L’occasione potrebbe essere già l’udienza davanti al tribunale del Riesame del 6 dicembre, ma difficilmente sarà completato per questa data – molto ravvicinata – l’esame del decreto con tutte le sue implicazioni giuridiche. “Saranno verificati – dice Maurizio Carbone, segretario dell’Anm e pm a Taranto – gli effetti immediati dell’entrata in vigore del decreto legge che in quanto tale i magistrati sono tenuti ad applicare e ad osservare come qualsiasi disposizione di legge”. Poi “verranno verificati nelle sedi opportune – aggiunge – gli eventuali rimedi e la possibilità di sollevare conflitti di attribuzione o eccezioni di incostituzionalità laddove dovessero essercene i profili”.

Il decreto, insomma, – ribadisce Carbone – “desta più di qualche perplessità oltre ad essere una forte assunzione di responsabilità da parte del governo nel momento in cui ritiene di superare i provvedimenti giudiziari e la situazione di pericolo esistente attraverso l’intervento normativo”. Il decreto, sottolinea ancora Carbone, “vanifica gli effetti di provvedimenti cautelari sui quali era già intervenuto un giudicato cautelare nel senso che il sequestro preventivo di luglio è stato giudicato dal riesame e verso il provvedimento del riesame non è stato, da parte dell’Ilva, sollevato il ricorso in Cassazione”.

Intanto, il ministro dell’ambiente Clini spiega che nella stesura finale il testo “estende a tutte le imprese di interesse strategico nazionale con più di 200 addetti, gli impegni al disinquinamento compresi il ricorso a sanzioni (fino al 10% del fatturato) e l’adozione di provvedimenti di amministrazione straordinaria in caso di inadempienza”, e “rappresenta non solo una risposta responsabile all’emergenza innescata dalla situazione dell’Ilva, ma indica una via replicabile in analoghi casi ove si ravvisino gravi violazioni ambientali e condizioni di pericolo per la salute pubblica”. Lungi dal rappresentare un’eccezione, dunque, il decreto inaugura una politica di militarizzazione in difesa della proprietà privata, qualsiasi sia il livello di pericolo rappresentato da una determinata attività produttiva. Invece di risolvere il problema dell’inquinamento salvaguardando posti di lavoro e livelli di reddito (tramite l’esproprio degli imprenditori incapaci di fare il loro mestiere rispettando la salute di dipendenti e popolazione circostante), Monti & co. Decidono di “protegere” le aziende pericolose dal controllo della magistratura e dei lavoratori. A questo e non altro serve la “dichiarazione di zona di interesse strategico” se non accompagnata dallìassunzione della gestione pubblica – non più privata – delle stesse aziende. Se davvero ci fosse, infatti, un “interesse strategico nazionale”, la cosa più logica e sicura sarebbe allontanare gli imprenditori avidi e irresponsabili, sostituendoli con personale competente e investendo – ovviamente – in prima persona come “pubblico”.

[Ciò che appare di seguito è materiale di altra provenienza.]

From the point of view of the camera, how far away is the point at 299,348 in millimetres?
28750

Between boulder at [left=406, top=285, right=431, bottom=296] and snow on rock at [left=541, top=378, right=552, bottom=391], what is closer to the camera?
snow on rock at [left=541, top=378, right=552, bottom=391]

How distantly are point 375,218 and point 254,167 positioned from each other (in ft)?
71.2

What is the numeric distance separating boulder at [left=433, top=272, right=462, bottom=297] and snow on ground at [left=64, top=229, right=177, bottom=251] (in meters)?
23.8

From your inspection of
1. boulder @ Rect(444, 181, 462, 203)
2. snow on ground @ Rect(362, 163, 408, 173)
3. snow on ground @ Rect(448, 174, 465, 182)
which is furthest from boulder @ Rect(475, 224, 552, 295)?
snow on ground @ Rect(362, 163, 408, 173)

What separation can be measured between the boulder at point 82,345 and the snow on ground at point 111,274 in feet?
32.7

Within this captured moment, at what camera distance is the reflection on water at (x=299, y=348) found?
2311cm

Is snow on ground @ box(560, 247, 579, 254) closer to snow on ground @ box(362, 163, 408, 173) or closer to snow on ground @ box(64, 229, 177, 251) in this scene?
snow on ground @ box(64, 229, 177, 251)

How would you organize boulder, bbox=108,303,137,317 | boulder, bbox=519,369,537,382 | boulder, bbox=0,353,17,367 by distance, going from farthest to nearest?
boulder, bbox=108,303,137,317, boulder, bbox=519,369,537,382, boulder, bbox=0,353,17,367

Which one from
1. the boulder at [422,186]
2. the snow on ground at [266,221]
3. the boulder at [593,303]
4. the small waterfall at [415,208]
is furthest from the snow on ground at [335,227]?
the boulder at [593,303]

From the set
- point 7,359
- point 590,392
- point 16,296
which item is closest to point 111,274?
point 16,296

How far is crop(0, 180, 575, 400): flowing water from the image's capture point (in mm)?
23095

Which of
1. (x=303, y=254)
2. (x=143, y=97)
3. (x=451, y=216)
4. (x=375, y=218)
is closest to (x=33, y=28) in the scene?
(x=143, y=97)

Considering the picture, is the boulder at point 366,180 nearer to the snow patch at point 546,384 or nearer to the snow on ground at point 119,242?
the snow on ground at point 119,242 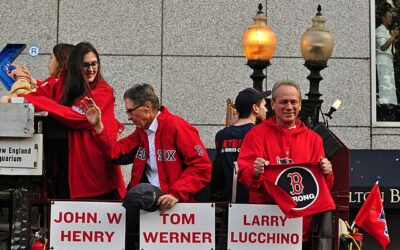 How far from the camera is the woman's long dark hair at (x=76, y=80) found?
7801 millimetres

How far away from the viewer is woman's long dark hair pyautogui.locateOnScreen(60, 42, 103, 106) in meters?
7.80

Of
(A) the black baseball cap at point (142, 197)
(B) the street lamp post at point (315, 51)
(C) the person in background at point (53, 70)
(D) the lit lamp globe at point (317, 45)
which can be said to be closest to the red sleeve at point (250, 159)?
(A) the black baseball cap at point (142, 197)

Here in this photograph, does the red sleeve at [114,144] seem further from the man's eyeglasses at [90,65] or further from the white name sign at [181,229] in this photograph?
the white name sign at [181,229]

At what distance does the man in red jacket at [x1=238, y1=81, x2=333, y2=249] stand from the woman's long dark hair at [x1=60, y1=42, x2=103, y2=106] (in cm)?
136

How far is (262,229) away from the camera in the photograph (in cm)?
705

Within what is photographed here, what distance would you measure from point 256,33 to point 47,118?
542 centimetres

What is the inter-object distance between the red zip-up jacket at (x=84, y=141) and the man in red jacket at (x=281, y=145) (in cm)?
115

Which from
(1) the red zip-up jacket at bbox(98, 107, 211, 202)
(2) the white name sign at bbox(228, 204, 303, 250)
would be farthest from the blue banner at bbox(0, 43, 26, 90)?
(2) the white name sign at bbox(228, 204, 303, 250)

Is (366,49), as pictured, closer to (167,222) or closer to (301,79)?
(301,79)

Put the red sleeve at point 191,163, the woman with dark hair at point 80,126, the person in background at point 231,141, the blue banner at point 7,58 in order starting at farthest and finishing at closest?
1. the blue banner at point 7,58
2. the person in background at point 231,141
3. the woman with dark hair at point 80,126
4. the red sleeve at point 191,163

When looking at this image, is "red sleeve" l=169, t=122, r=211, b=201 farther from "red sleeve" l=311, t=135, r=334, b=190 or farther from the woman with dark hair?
"red sleeve" l=311, t=135, r=334, b=190

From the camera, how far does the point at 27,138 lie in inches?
284

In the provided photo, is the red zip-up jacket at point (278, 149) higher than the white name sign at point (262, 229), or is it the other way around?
the red zip-up jacket at point (278, 149)

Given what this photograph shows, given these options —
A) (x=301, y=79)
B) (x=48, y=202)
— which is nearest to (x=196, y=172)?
(x=48, y=202) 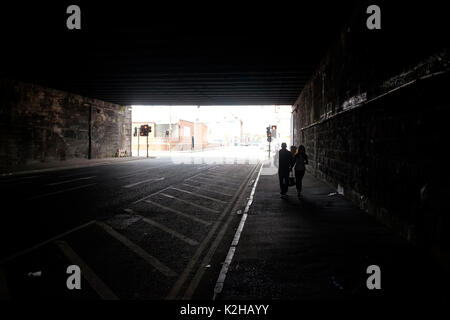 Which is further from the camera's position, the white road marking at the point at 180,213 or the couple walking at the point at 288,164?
the couple walking at the point at 288,164

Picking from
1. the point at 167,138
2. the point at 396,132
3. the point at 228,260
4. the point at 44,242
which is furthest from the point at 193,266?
the point at 167,138

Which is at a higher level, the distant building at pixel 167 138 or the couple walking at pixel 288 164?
the distant building at pixel 167 138

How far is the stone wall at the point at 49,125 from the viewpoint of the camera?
67.2ft

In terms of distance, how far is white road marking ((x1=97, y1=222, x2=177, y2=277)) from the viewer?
4598mm

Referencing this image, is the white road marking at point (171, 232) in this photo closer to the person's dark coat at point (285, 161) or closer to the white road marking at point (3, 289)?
the white road marking at point (3, 289)

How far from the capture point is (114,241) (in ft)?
19.5

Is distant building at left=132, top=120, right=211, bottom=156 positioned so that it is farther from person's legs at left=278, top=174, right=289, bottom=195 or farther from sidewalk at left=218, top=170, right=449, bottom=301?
sidewalk at left=218, top=170, right=449, bottom=301

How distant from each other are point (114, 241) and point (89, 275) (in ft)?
5.17

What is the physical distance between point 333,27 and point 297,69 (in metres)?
6.18

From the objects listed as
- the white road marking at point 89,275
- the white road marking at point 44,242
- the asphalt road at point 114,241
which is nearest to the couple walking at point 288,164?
the asphalt road at point 114,241

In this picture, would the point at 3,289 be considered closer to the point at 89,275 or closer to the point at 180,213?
the point at 89,275

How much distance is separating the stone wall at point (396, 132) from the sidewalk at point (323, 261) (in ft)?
1.68

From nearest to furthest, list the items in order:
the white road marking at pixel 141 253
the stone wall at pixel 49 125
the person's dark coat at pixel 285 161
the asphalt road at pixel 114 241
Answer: the asphalt road at pixel 114 241, the white road marking at pixel 141 253, the person's dark coat at pixel 285 161, the stone wall at pixel 49 125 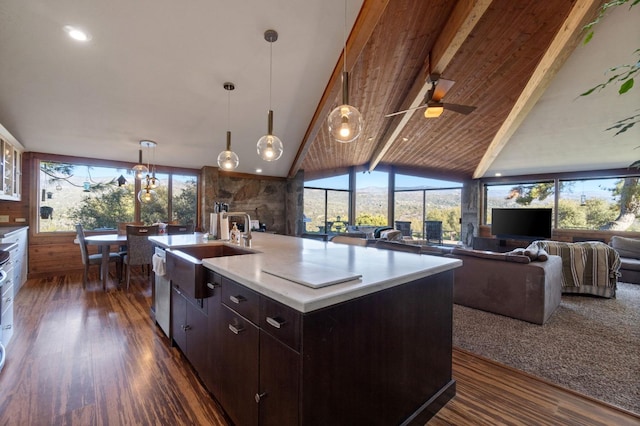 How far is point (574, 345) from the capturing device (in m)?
2.60

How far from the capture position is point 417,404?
1.65 meters

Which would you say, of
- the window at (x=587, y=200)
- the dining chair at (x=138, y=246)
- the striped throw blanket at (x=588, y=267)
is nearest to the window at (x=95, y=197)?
the dining chair at (x=138, y=246)

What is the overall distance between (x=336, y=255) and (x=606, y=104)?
601 centimetres

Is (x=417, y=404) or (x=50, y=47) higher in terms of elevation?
(x=50, y=47)

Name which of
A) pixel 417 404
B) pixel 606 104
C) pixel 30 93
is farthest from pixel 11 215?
pixel 606 104

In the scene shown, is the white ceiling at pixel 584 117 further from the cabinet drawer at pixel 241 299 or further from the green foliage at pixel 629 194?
the cabinet drawer at pixel 241 299

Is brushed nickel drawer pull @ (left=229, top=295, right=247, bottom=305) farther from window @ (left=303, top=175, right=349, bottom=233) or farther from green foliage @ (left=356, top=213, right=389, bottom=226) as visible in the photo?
green foliage @ (left=356, top=213, right=389, bottom=226)

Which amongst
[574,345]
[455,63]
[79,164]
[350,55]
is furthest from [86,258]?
[455,63]

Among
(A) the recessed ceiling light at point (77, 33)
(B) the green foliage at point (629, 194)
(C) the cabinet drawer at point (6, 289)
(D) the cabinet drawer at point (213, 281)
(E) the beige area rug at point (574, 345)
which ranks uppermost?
(A) the recessed ceiling light at point (77, 33)

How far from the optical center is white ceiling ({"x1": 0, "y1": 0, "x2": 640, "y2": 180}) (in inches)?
115

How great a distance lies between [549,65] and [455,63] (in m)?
1.52

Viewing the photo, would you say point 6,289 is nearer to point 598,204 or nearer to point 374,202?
point 374,202

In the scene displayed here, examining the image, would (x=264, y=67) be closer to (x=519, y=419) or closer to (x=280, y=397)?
(x=280, y=397)

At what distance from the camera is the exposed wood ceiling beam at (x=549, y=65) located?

Nello stabilimento, intanto, una nuova notizia preoccupa le tute blu: l’Ilva sta per consegnare le lettere di cassa integrazione ai dipendenti dell’area a freddo. Potrebbe farlo oggi o domani. Non si conosce al momento neppure il numero dei lavoratori interessati”. L’azienda ha convocato i sindacati per mercoledì. Si dovrà discutere anche della cassa integrazione disposta per 1.031 lavoratori dell’area a caldo a causa dei danni provocati dalla tromba d’aria: scade oggi ma alcuni impianti non sono stati ancora ripristinati e potrebbe essere prolungata.

Intanto il gip Patrizia Todisco, oggi, ha respinto l’istanza di revoca degli arresti in carcere di Girolamo Archinà, l’ex responsabile delle pubbliche relazioni all’Ilva arrestato il 26 novembre per corruzione in atti giudiziari, associazione per delinquere e falso. È stato anche interrogato l’ex assessore provinciale all’Ambiente, Michele Conserva, il rappresentante dell’azienda di consulenza ambientale Promed, Carmelo Delli Santi, che si trovano agli arresti domiciliari; e il funzionario istruttore della Provincia, Giampiero Santoro, destinatario di una richiesta di interdizione. Ai tre è contestata l’associazione a delinquere finalizzata alla concussione.